• HOW TO COMPLETE THIS TASK: Nothing but the lines from the one with "Kit com duas memória RAM de 2 GB" through the end of the data should be set down, each exactly as written, and no picture should be included.

[Opening DATASET CONTENT section]

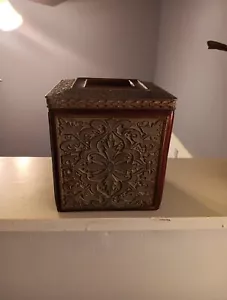 India Ink Vintage Versailles Tissue Cover Maple, Gold Tone Burgandy Trim Excelle - Picture 1 of 5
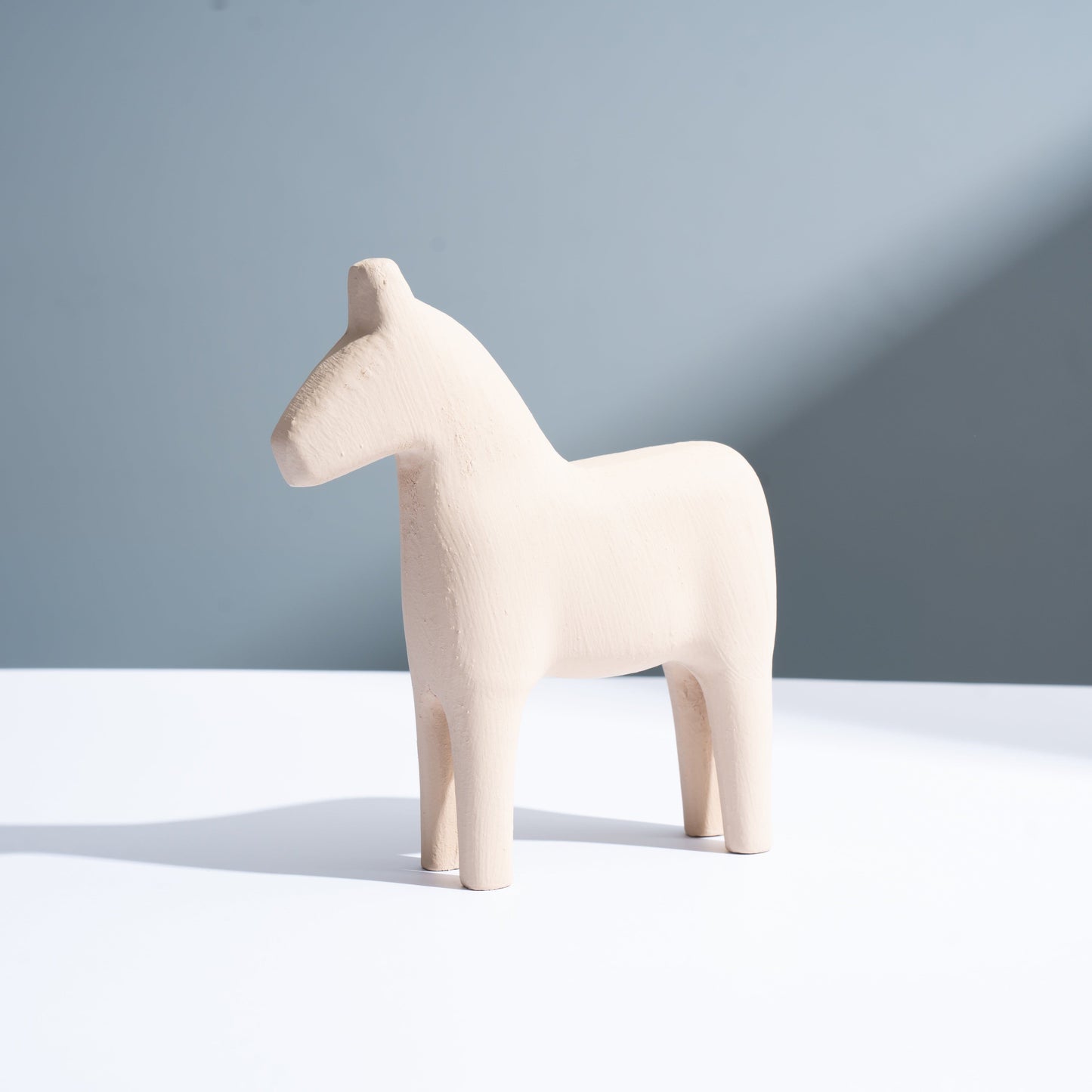 Norvo | Resin kreativ minimalisme hestedekorasjoner ornamenter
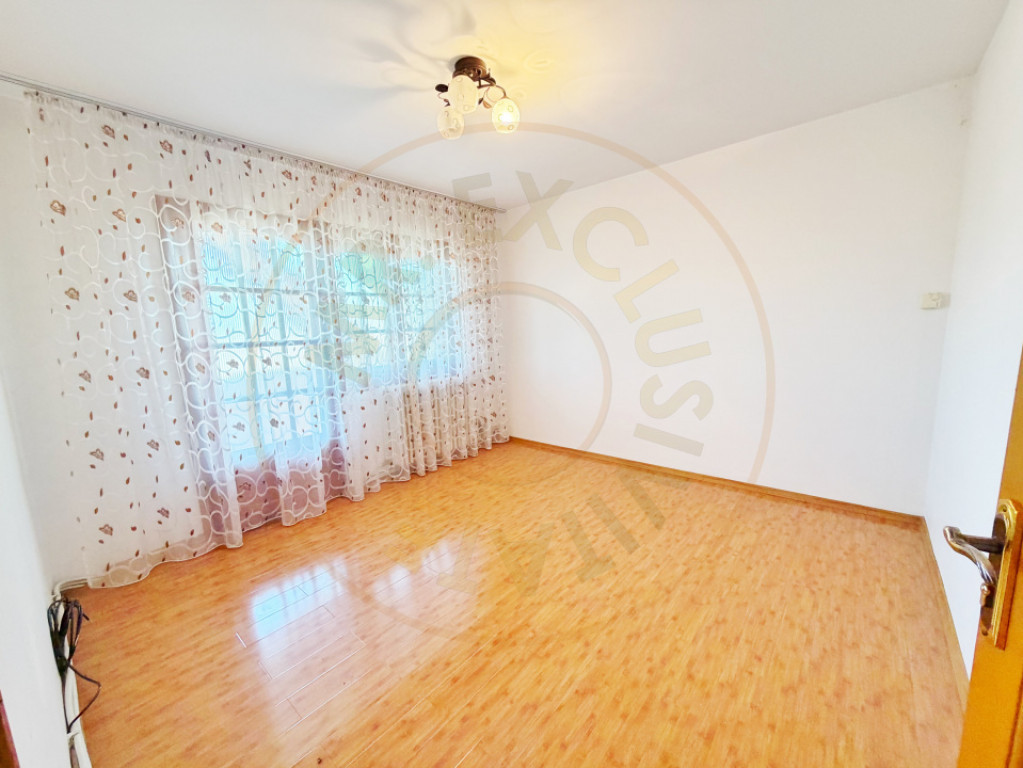 Apartament 3 camere decomandat Curtea de Arges - Ivancea
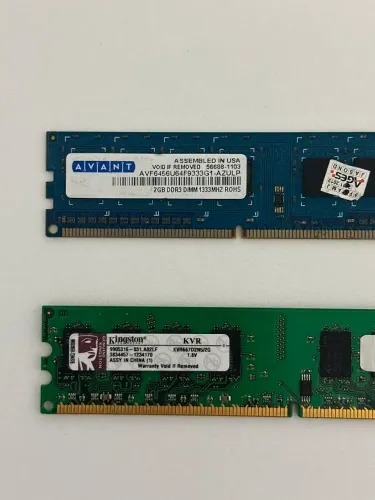 Kit com duas memória RAM de 2 GB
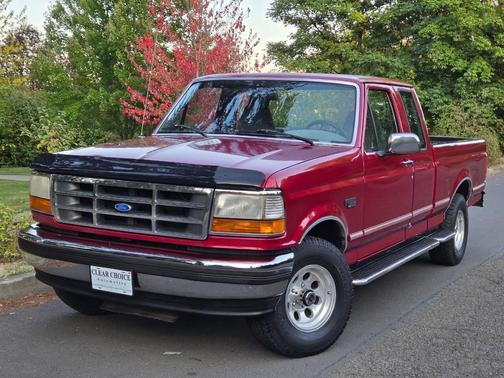 Burgundy 1995 Ford F-150 XLT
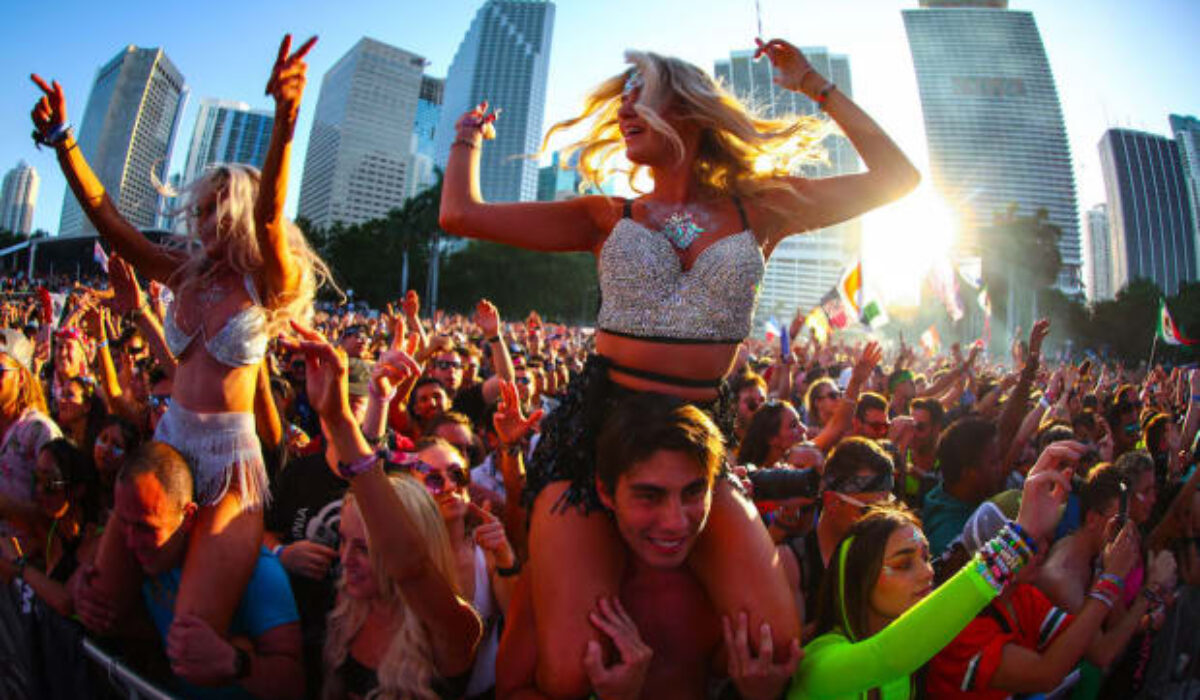 Ultra Music Festival Confirms Hardwell, Calvin Harris, Eric Prydz, Martin Garrix, More for 2024 Lineup img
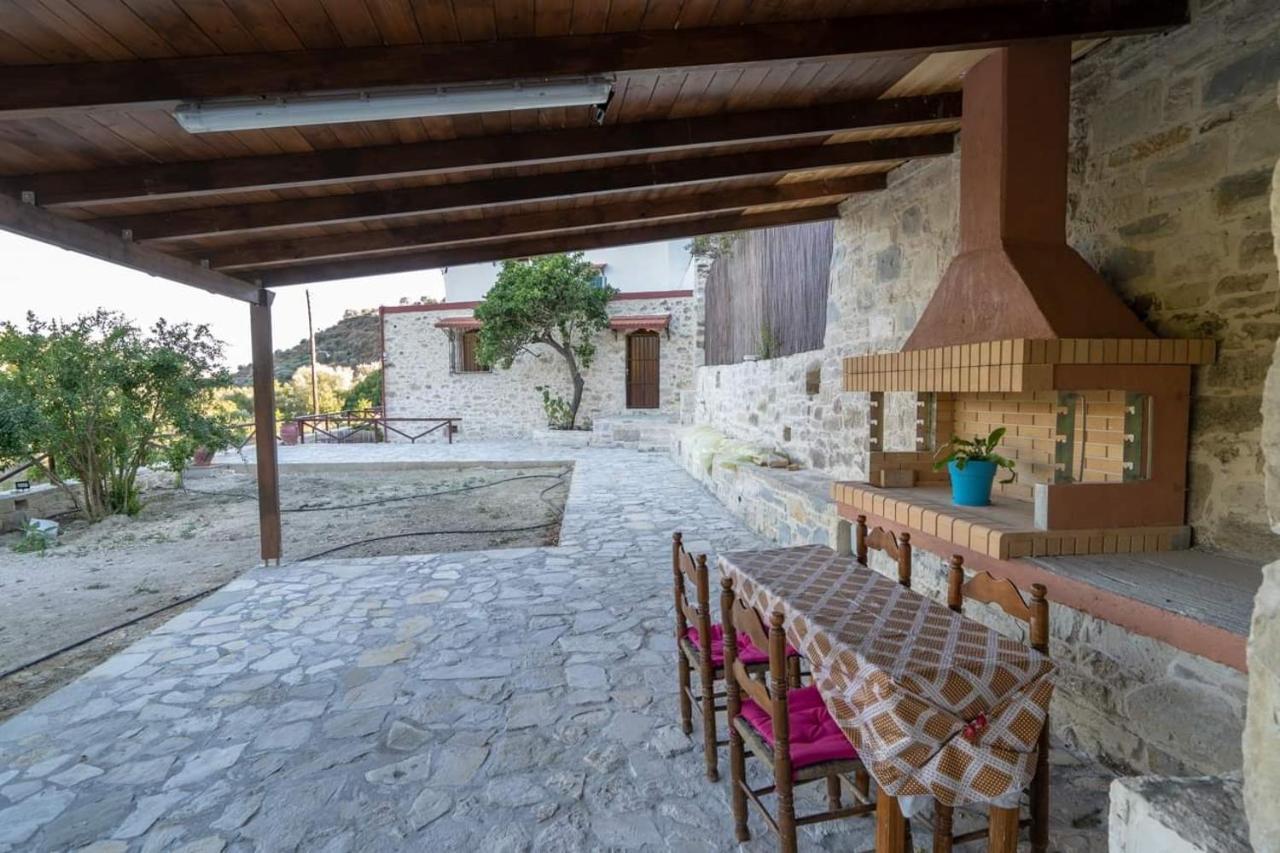Villa Tzaniana Apomarma エクステリア 写真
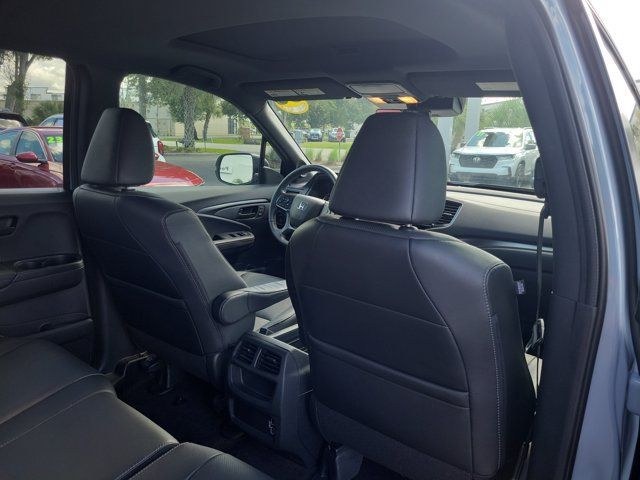 Certified 2023 Honda Passport EX-L image 9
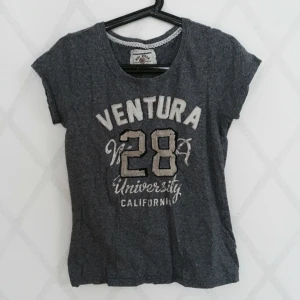  - T-shirt från Miss Milla. Nytt skick.
Frakt tillkommer.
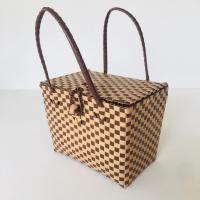 ราคา ตระกร้าสานเส้นพลาสติก ตะกร้าสี่เหลี่ยม อเนกประสงค์มีฝาปิด ตะกร้าใส่ผ้า OTOP ขนาด กว้าง21ยาว29สูง25 CM วัดจากขอบปากตระกร้า sizeM (17439680569)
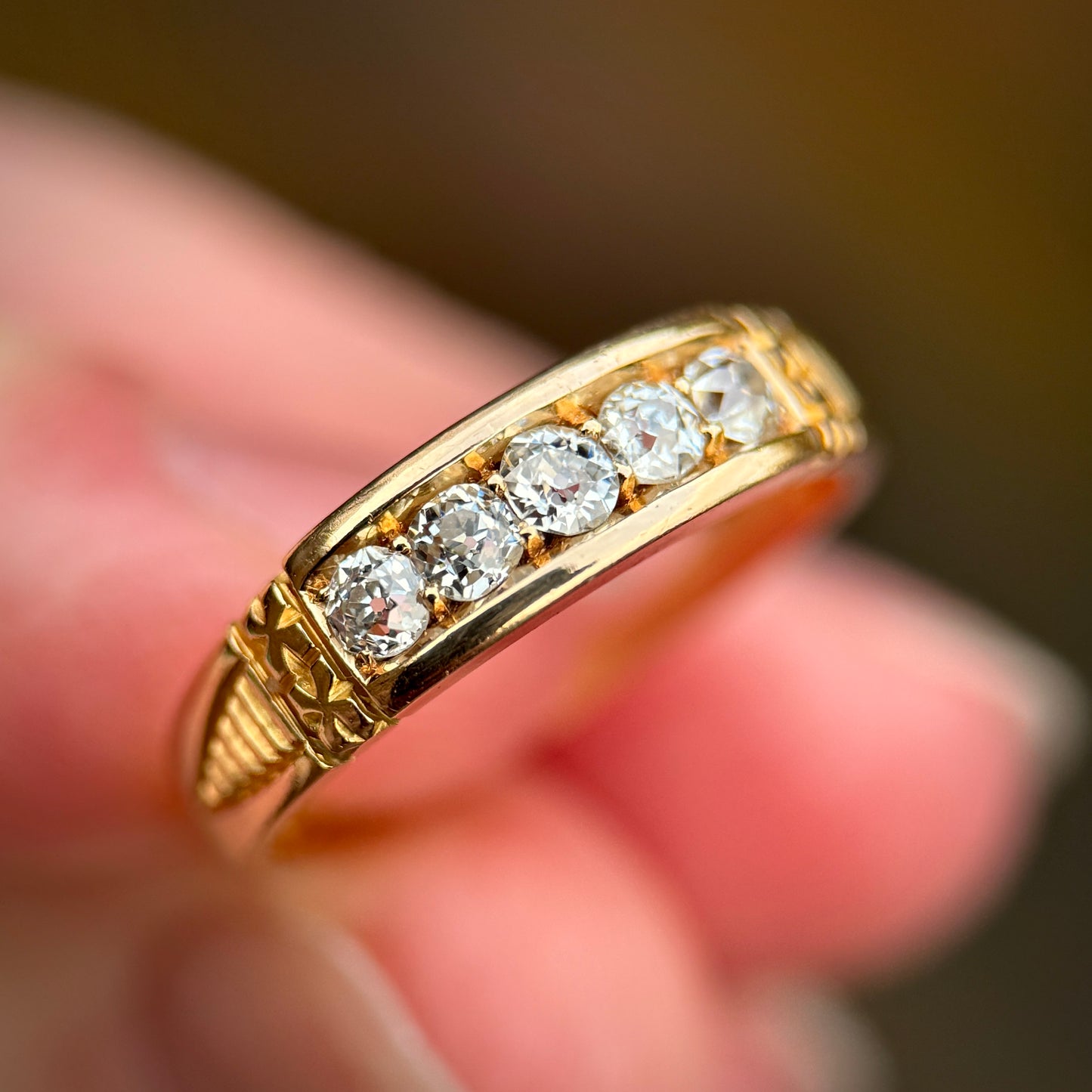 18ct Gold Antique Victorian 0.30CT Old Cut Diamond Five Stone Ring Size J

[Closing DATASET CONTENT section]

• ANSWER TO THIS PROBLEM:
 Kit com duas memória RAM de 2 GB
 Burgundy 1995 Ford F-150 XLT
 Ultra Music Festival Confirms Hardwell, Calvin Harris, Eric Prydz, Martin Garrix, More for 2024 Lineup img
Villa Tzaniana Apomarma エクステリア 写真
 Certified 2023 Honda Passport EX-L image 9
  - T-shirt från Miss Milla. Nytt skick.
Frakt tillkommer.
 ราคา ตระกร้าสานเส้นพลาสติก ตะกร้าสี่เหลี่ยม อเนกประสงค์มีฝาปิด ตะกร้าใส่ผ้า OTOP ขนาด กว้าง21ยาว29สูง25 CM วัดจากขอบปากตระกร้า sizeM (17439680569)
 18ct Gold Antique Victorian 0.30CT Old Cut Diamond Five Stone Ring Size J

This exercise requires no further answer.